AKP’li meclis üyesi İsmail Yerlikaya ise bölgede alt yapı sorunu olduğunu söyledi. Bununla ilgili MESKİ’nin açıklama yapması gerektiğini anlatan Yerlikaya, “OSB’deki sanayi kuruluşlarının bir çoğu atığı veriyorlar. Ama MESKİ’ye gelin bu atığı kanalizasyon şebekesine verelim dediğinde MESKİ bizim kapasitemiz yetmiyor deniliyor. O yüzden MESKİ kabul etmediği için böyle bir yola gidiliyor. Bu konu ile ilgili siz OSB ile görüşme yapıyor musunuz?. Bu konu ile ilgili Çevre ve Şehircilik İl Müdürlüğü’ne sürekli şikayetler geliyor. Çevre ve Şehircilik analizleri yaptırıp ceza kesiyor. Ama sonuçta bu işin çözülmesi lazım. Bu fabrikayı, tesisleri yapanlar ruhsatları, izinler alıyor. Bu tesisler verilirken kurumlar tarafından izinler veriliyor. Sonuçta bunların çıkan atıkları sisteme vermesi gerekiyor. Veremeyince MESKİ benim kapasitem yok diyor. Kazanlı turizm tesisi ile ilgili o bölgede bir çalışma yapılıyor. OSB ve oradaki yağ fabrikaları ile ilgili bir sıkıntı var. Genel bir çalışma yapılıyor. Onları çözecek bir sistem gerekiyor. MESKİ’de bu konu ile ilgili bir açıklama yaparsa bununla ilgili iyi olur” şeklinde konuştu.

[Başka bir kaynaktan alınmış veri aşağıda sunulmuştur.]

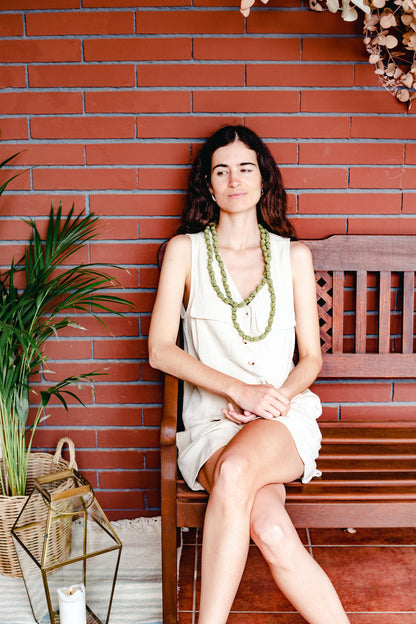 Collar Songo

“SORUNUN ÇÖZÜMÜ İÇİN SAÇ AYAKLARI BİR ARAYA GELMELİ”
AKP’li Zafer Şahin Özturan ise çevre ile ilgili konuyu yıllarca kendisinin de takip ettiğini söyledi. Özturan, “Aslında orada Çevre ve Şehircilik İl Müdürlüğü sıkı denetim yaptı. Cezai müeyyidelerde uyguladı. Ama bu işin çözümü adına burada bu sorunun çözülmesi ile ilgili ciddi bir koordine oluşması gerekiyor. Bütün iradelerin bir araya gelerek sonuca nasıl ulaşabiliriz diye toplantılar yapılırsa çözüme ulaşılır. Bu sular bırakıldığı zaman mahalle sakinleri ciddi sıkıntılar yaşıyor. Firmalara cezalarda yazılıyor. Bu sorunun çözümü için saç ayakları oturup bir araya gelmeli” ifadelerini kullandı.